Now, I have 2 questions:

  1. Is there a more natural way to add the spacing between the columns?
  2. Why does {} + {} work (that is, adds the spaces around the + sign)? I got it by accident (desperate times call for desperate measures), but have no idea how/why it works.
  • 1
    Welcome to TeX.SX! Why don't you use macros for spacing such as \quad or \qquad for add space? – Aradnix Sep 30 '14 at 22:05
  • 1
    As to the {}+{}, a plus sign can indicate an operation, as in a + b or it can be a sign as in +b. The spacing is different for these two cases. Adding the braces indicates to TeX that the plus should be taken as within an operation. – Steven B. Segletes Sep 30 '14 at 22:10
7

The code {}+{} works because it adds empty atoms at either side of the operation, ensuring correct spacing.

However, you can input more easily this formula with array:

\documentclass{article}
\usepackage{amsmath}
\usepackage{array}

\begin{document}

\begin{equation*}
\left\{
\setlength{\arraycolsep}{0pt}% no padding
\newcolumntype{B}{>{{}}c<{{}}}
\begin{array}{ l B l B l B l B l }
b_{1,1} x_2 & + & b_{1,2} x_2 & + & \cdots & + & b_{1,9} x_9 & = & c_1 \\
b_{2,1} x_2 & + & b_{2,2} x_2 & + & \cdots & + & b_{2,9} x_9 & = & c_2 \\
  & \vdots && \vdots && \vdots &&  \vdots \\
b_{9,1} x_2 & + & b_{9,2} x_2 & + & \cdots & + & b_{9,9} x_9 & = & c_9
\end{array}
\right.
\end{equation*}

\end{document}

Here the {}+{} trick is used as well, but hidden in the temporary column type B (for Binary).
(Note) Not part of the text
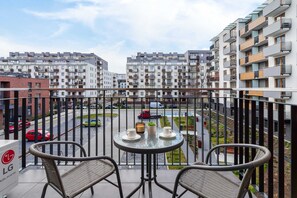 A balcony with a small table and chairs, overlooking a modern residential complex.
enter image description here

7

You don't need so many alignment points. Actually, the number of alignment points essentially depends on the number of vertical dots you want to align. I give two possibilities, with 4 or 2 alignment points (6 or 3 ampersands). The alignment itself uses the \vdotswithin command, from mathtools, and the braces come from the empheq package (which loads mathtools). You don't need an alignedat environment nested in an equation*, alignat* will do the job.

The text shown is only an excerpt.